Imagine what I ran into today in a Costa Rican cafeteria…

IMG_6652… taking the coconut water craze to the next level!

Speaking of the foodieism that is oh-so-perfectly reflected in real-coconut-coconut-water – have you ever wanted to see virtually all big food and ag writers of the USA speak about their passion? Give you reading recommendations? And attempt to teach you something? If the answer to the above is yes (and how could it not?), you are in luck – because UC Berkeley’s “Edible Education 101″ just got started for the 2015 semester!

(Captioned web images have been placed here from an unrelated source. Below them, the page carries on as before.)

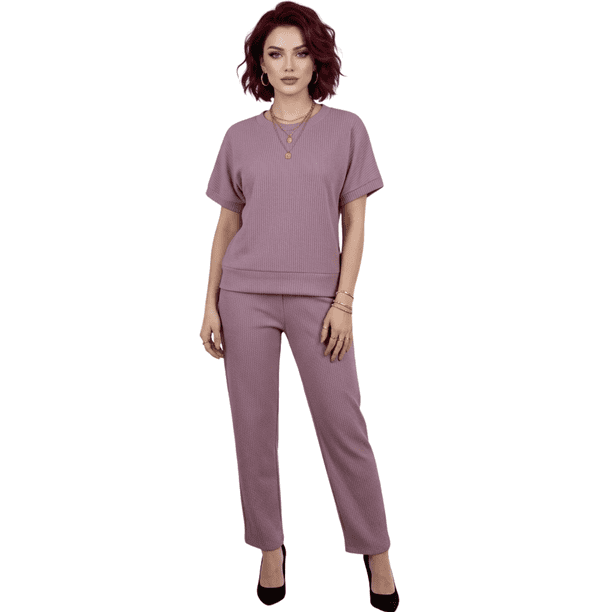 Conjunto 2 Piezas Casual Chic para Mujer Unitalla, Blusa de Manga Corta y Pantalón Cómodo, Estilo Elegante y Sofisticado para Mujer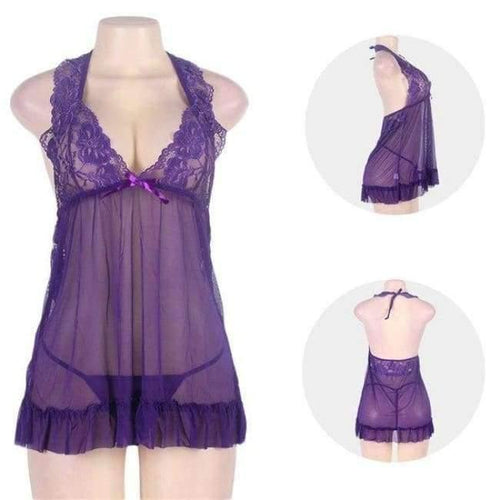 Mujer Seda Sling Sleepdress Encaje Babydoll Lencería Ropa de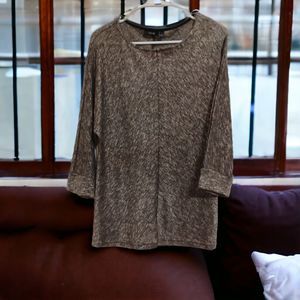 Women's Apt 9 Boatneck Black/Brown/Gold Thread Shimmery Dolman Sleeve Top Small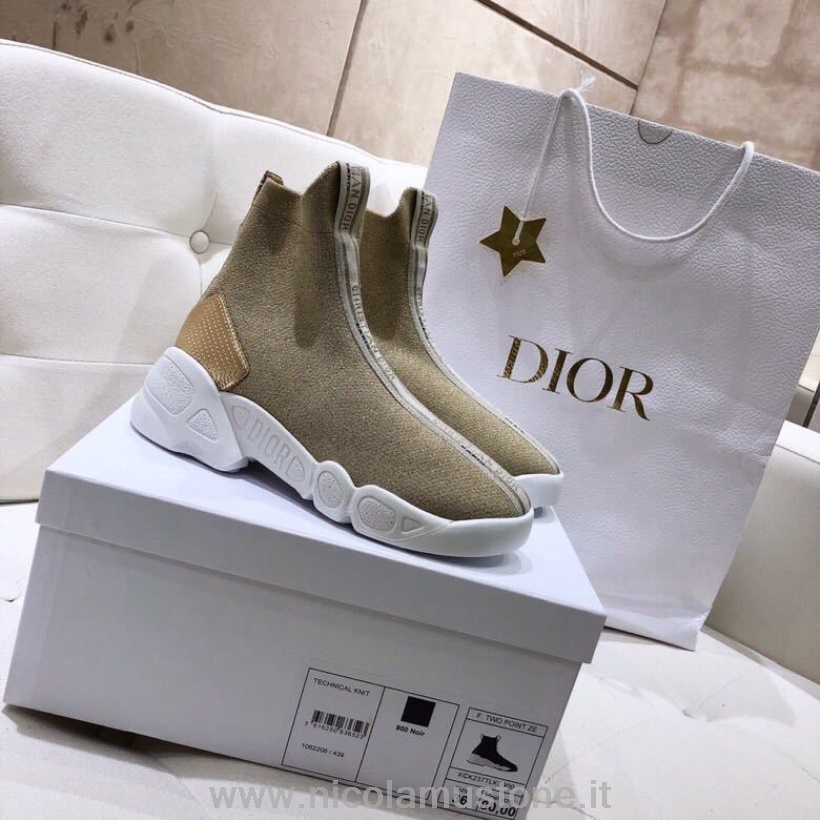 αυθεντικής ποιότητας Christian Dior F τεχνικά πλεκτά Sneakers δύο πόντων μηδέν χρυσό άνοιξη/καλοκαίρι 2019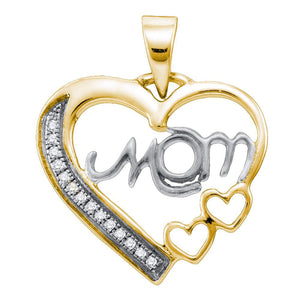 Sterling Silver White Diamond Mom Mothers Womens Heart Yellow-tone Pendant 1/20 Cttw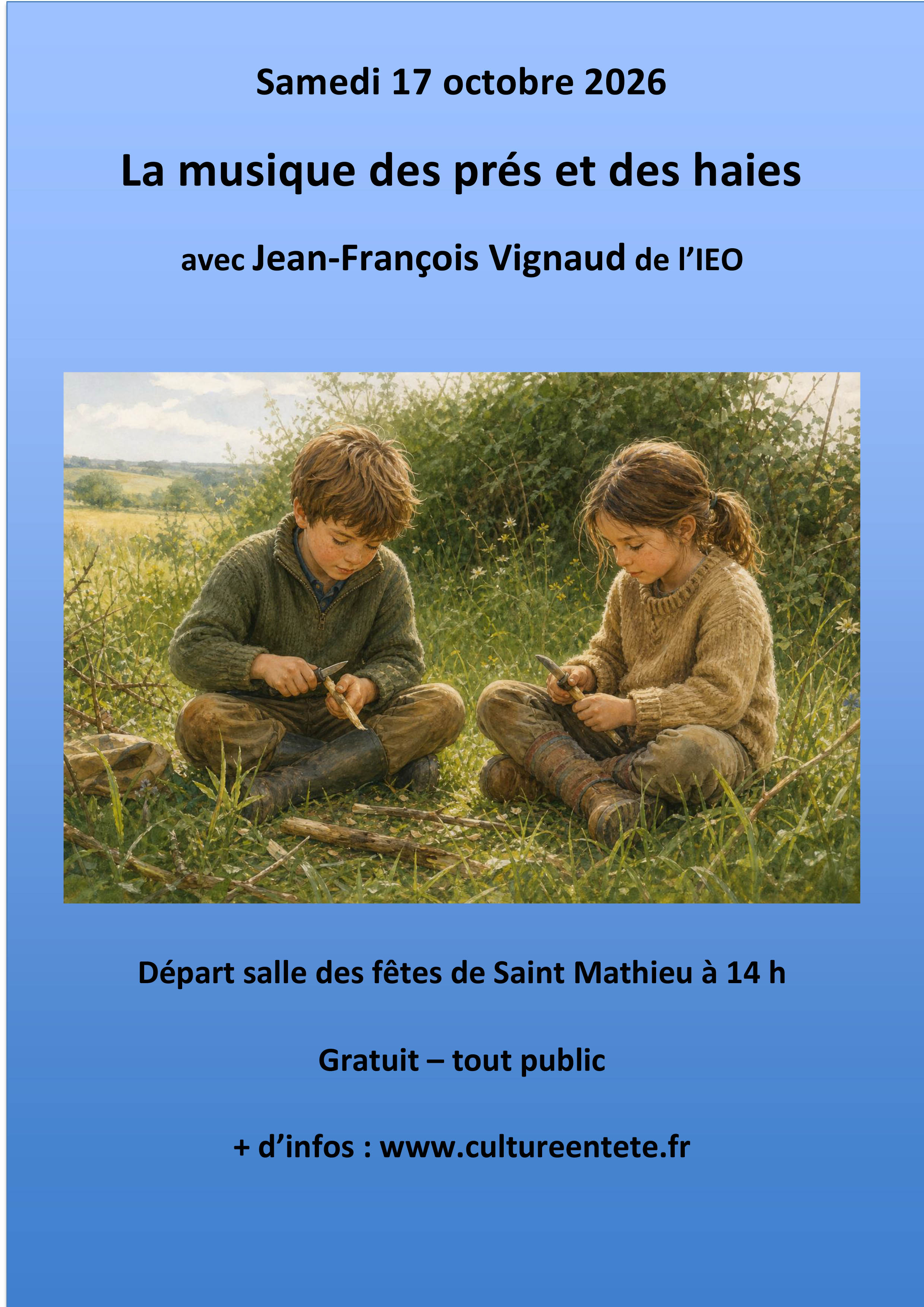 Affiche La musique des prés et des haies — Samedi 17 octobre 2026, à 14 h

The course runs from now (well, two weeks ago… you can basically catch up in one night ;) until the end of April and will reunite names such as Michael Pollan, Mark Bittman, Raj Patel, Alice Waters, Marion Nestle… the list just never ends. This is the schedule:

PART I – “The Trouble with the Food System”
  • January 26th: “A Brief History of the Modern Food System” by Michael Pollan
  • February 2nd: “The Ecological Crisis as a Crisis of Agriculture” AND “Linking Farm Policy to Health Policy in the Global Economy” Garrison Sposito and Marion Nestle
  • February 9th: “The Hands That Feed You” by Eric Schlosser
  • March 2nd: “The Long Green Revolution” by Raj Patel with Mark Bittman
PART II – “Getting Back to the Right Food System” 
  • March 9th: “Mimicking Nature: Woodleaf Farm’s Ecological Design” by Carl Rosato and Helen Atthowe
  • March 16th: “Of Peaches and Power: Myths, Legends, and the Mundane of Family Farming” by Mas Masumoto and Nikiko Masumoto with Robert Hass
  • March 30th: “Sustainable Farming through Agroecology” by Stephen Gliessman with Mark Bittman
PART III – “Building the Food Movement”
  • April 6th: “Fixing a Broken Food System: Some Ideas” by Claire Kremen
  • April 13th: “Teaching Slow Food Values in a Fast Food World: Who Will Grow Tomorrow’s Food and Who Will Be Eating It?” by Alice Waters and Craig McNamara with Robert Hass
  • April 20th: “With Liberty, Justice, and Sovereignty for All” by Anim Steel and Sara Mersha with Mark Bittman
  • April 27th: “What’s Next for the Food Movement?” by Michael Pollan with Mark Bittman

Sounds good, right? And the best is that you don’t have to be a UC Berkeley student to participate! All lectures are available on their Youtube Channel, and on the Edible Education 101 website, along with a reading list and an archive of three semesters’ worth of videos. Seems worthwhile to check out, even if you (as me now… waah) are not a student anymore! Watch it over dinner, read it on the bus, listen to it while falling asleep (or maybe before you fall asleep :) – and let me know what you think!